* Information supplied:
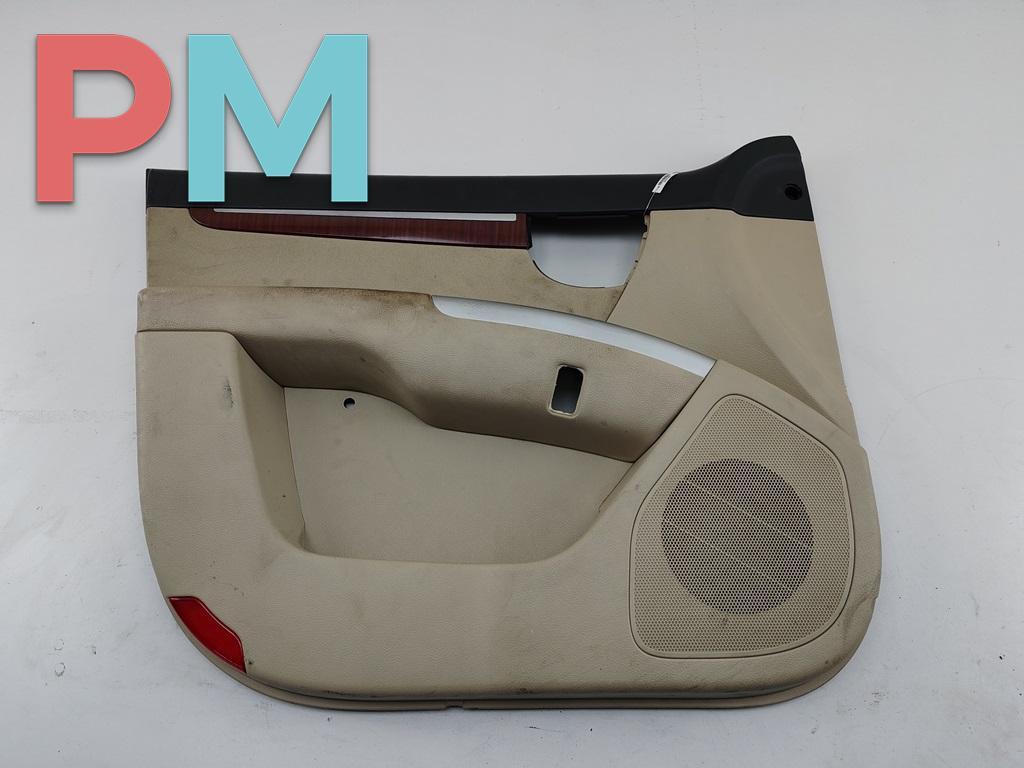 обшивка двери передняя левая Hyundai Santa Fe 2 поколение (CM) 2006, 2.2 л., дизель, МКПП, серый, внедорожник 5 дв., 82310-2B000 - фото №1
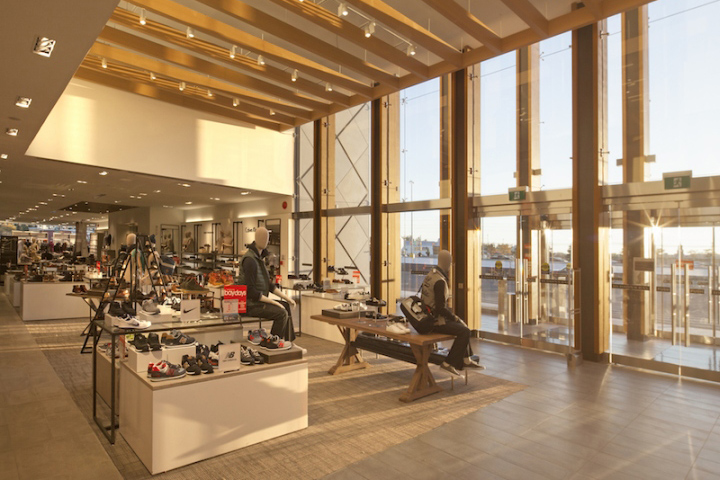 7_Hudsons-Bay-Company-Store-by-pellow-associates-Toronto-Canada.jpg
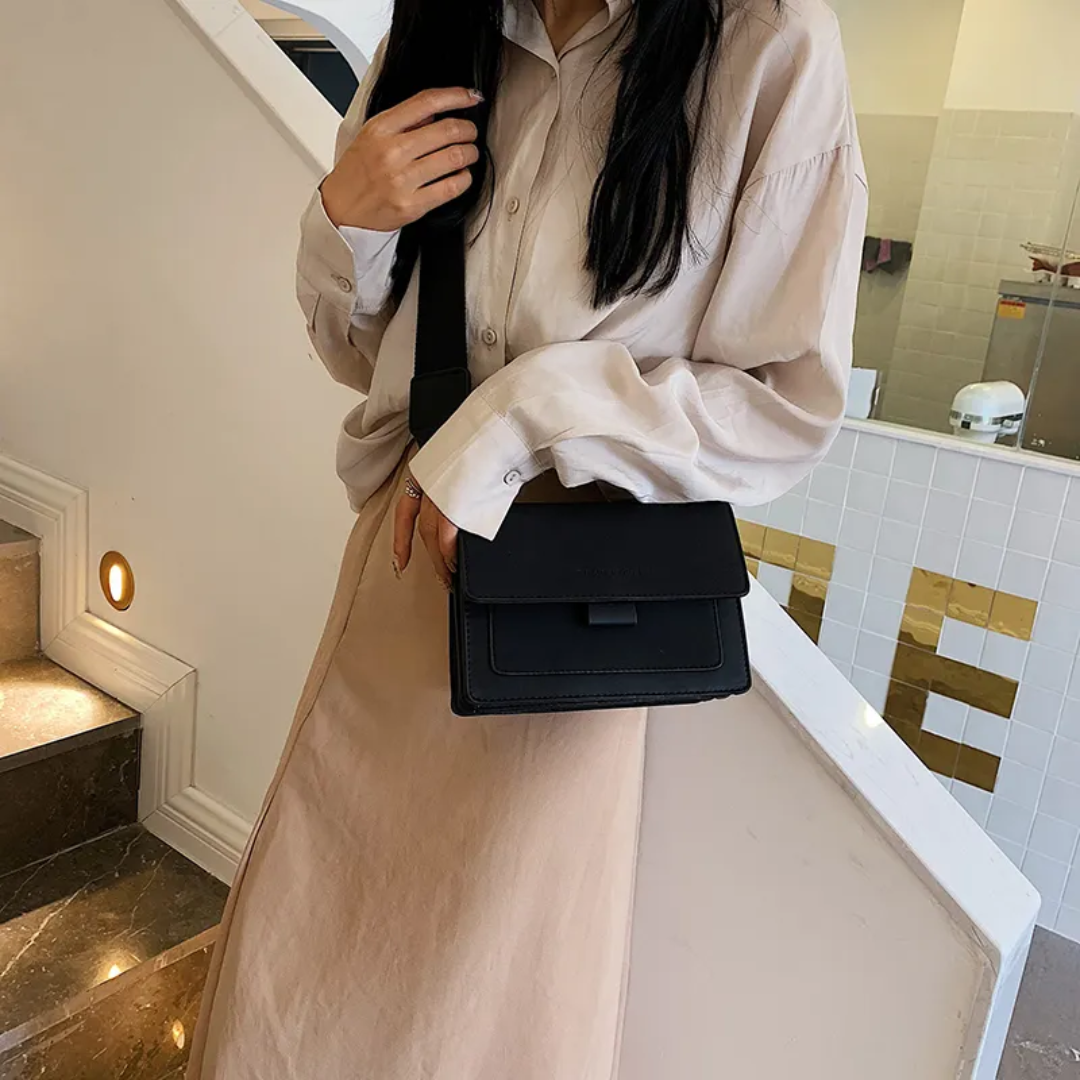 KristelBag - Stylish Crossbody Bag with Flip-Opening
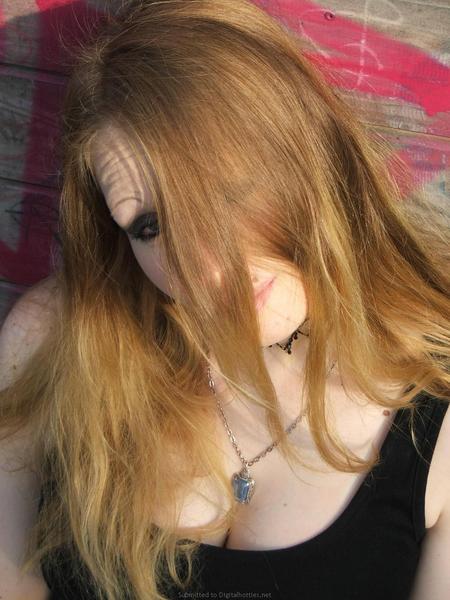 Goth-(12)
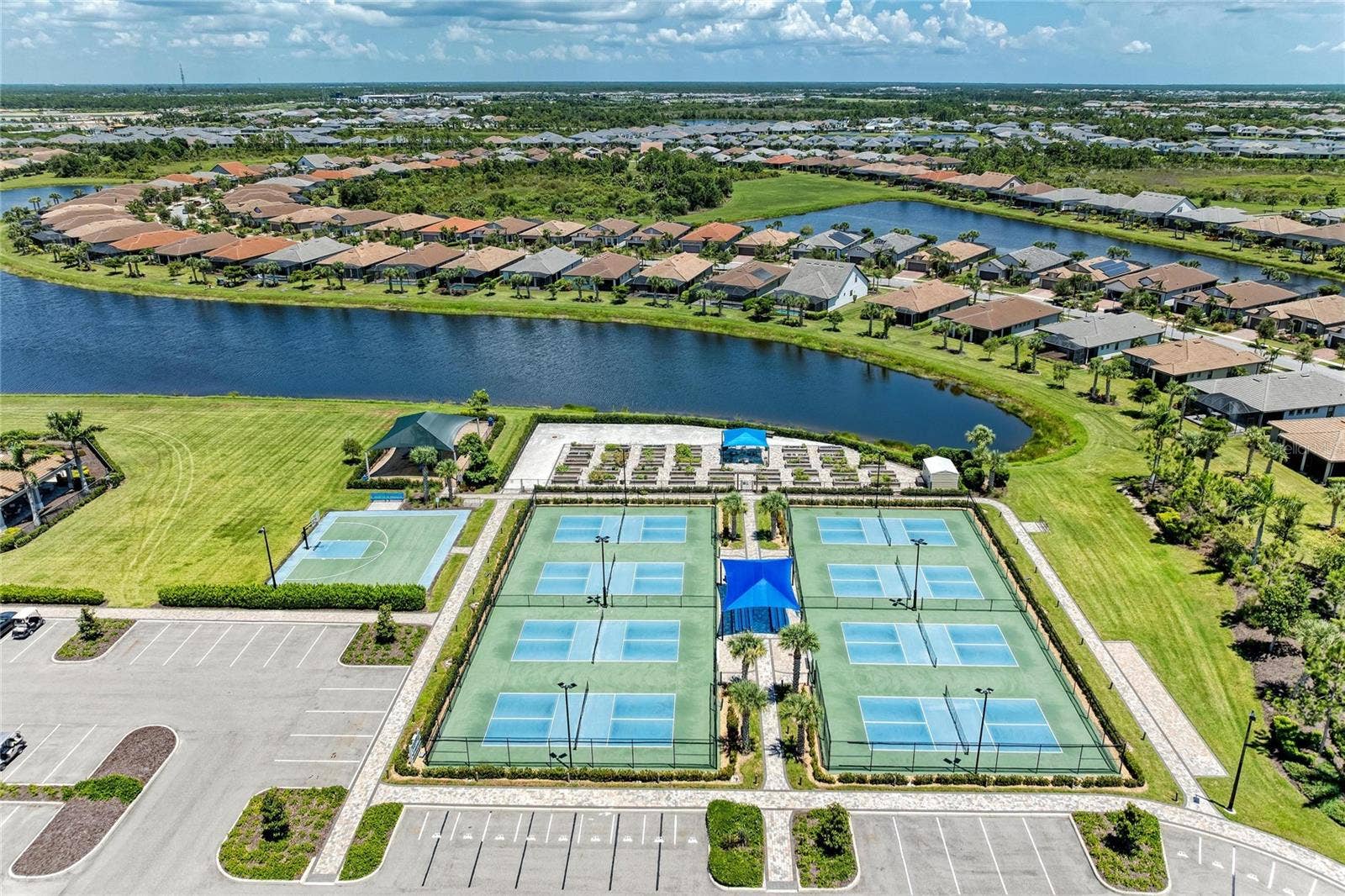 19143 KIRELLA STREET, Venice, FL 34293 19143 KIRELLA STREET, Venice, FL 34293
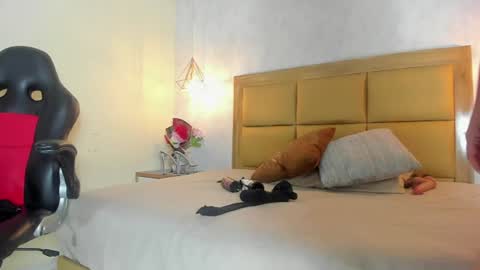 KEIMI  online show from 06-11-26, 03:48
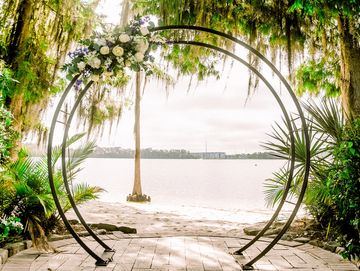 Paradise Cove wedding floral - Central Florida Wedding Group
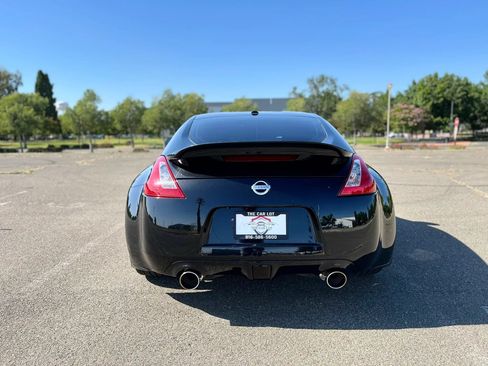 Used 2011 Nissan 370Z Touring w/ Sport Pkg RWD image 7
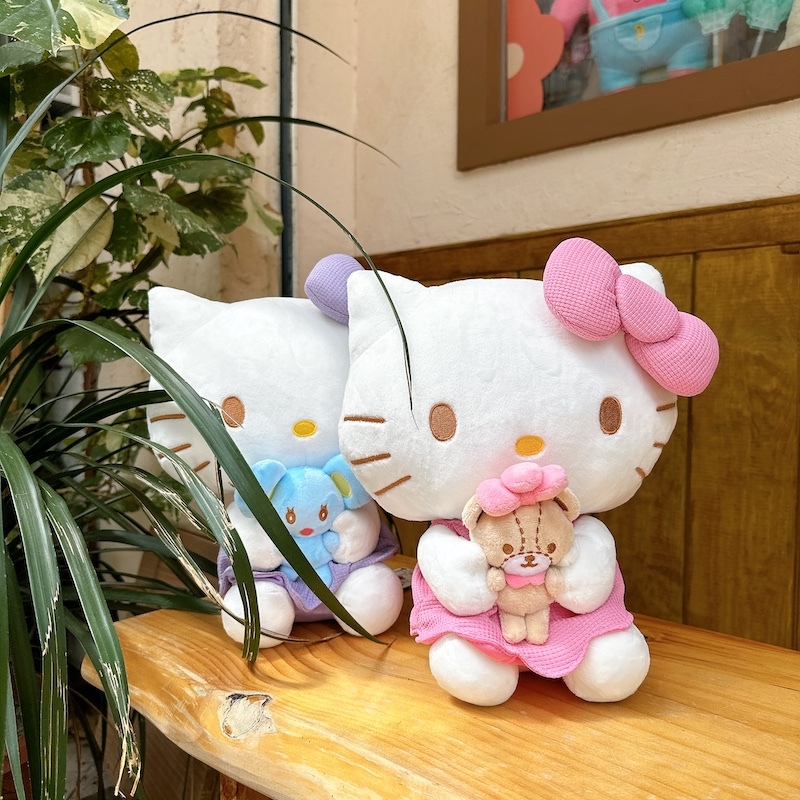 《05223》HelloKitty抱小動物玩偶/12吋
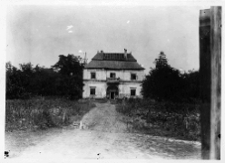 Hołoby, budynek bramny zespołu pałacowego Ronikier&oacute;w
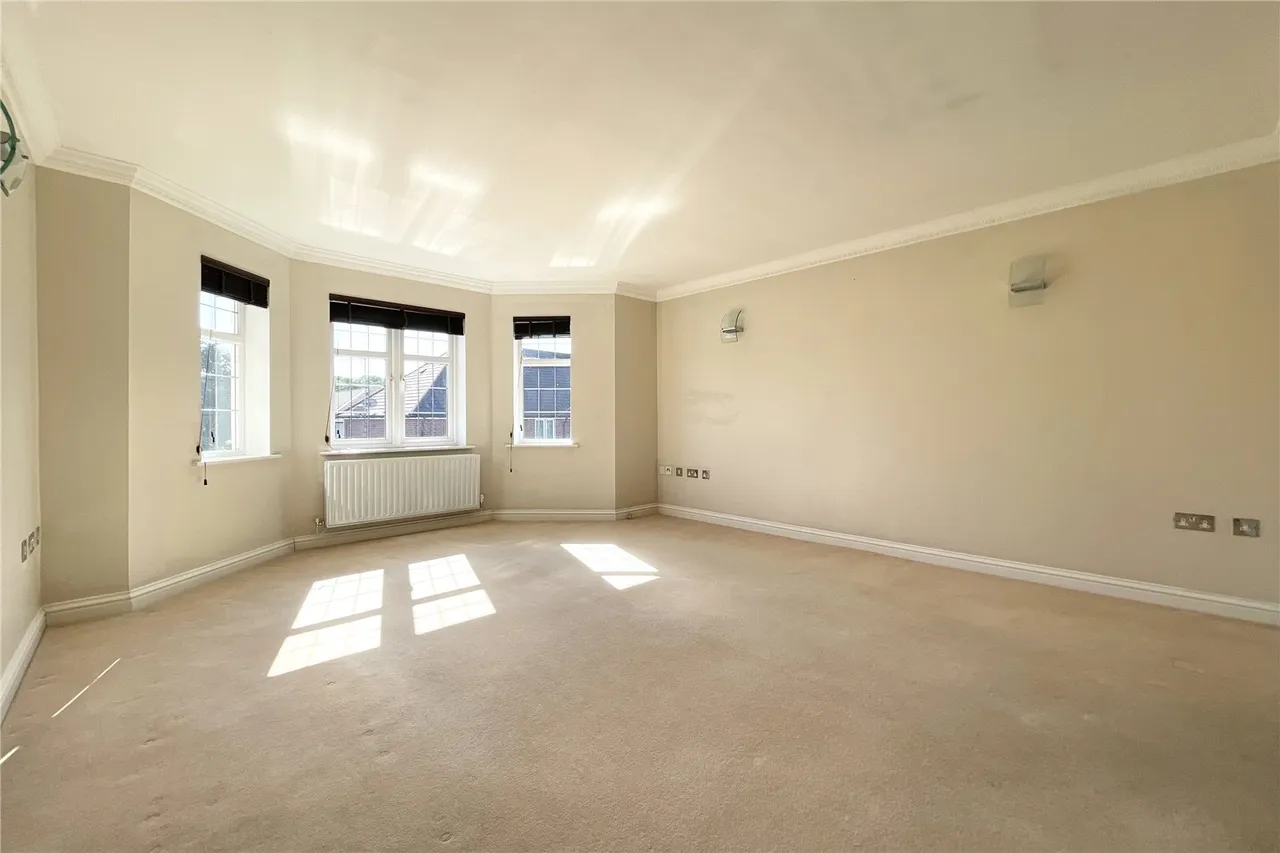 Jenkins Court, Chapel Lane, Bagshot, Surrey, GU19 5DD, photo 2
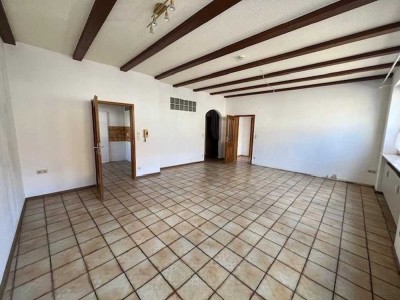 Große EG-Wohnung (2 ZKB WC) in Busenberg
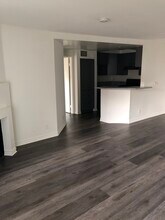 1200 Mansfield N Ave, Unit 307 in Los Angeles, CA - Foto de edificio - Building Photo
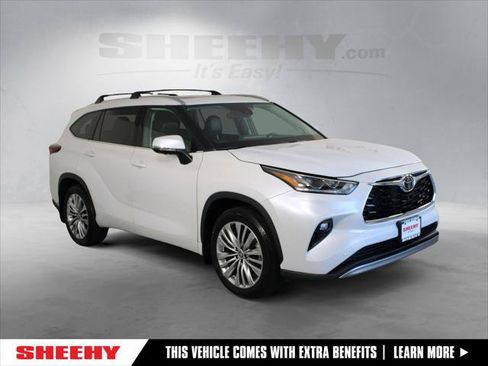 Certified 2024 Toyota Highlander Platinum AWD/4WD image 1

* Your objective: Repeat the lines of the records verbatim, starting at the line containing "Große EG-Wohnung (2 ZKB WC) in Busenberg" and stopping after the final line. Images stay out.

* Response to this exercise:
 Große EG-Wohnung (2 ZKB WC) in Busenberg
 1200 Mansfield N Ave, Unit 307 in Los Angeles, CA - Foto de edificio - Building Photo
 Certified 2024 Toyota Highlander Platinum AWD/4WD image 1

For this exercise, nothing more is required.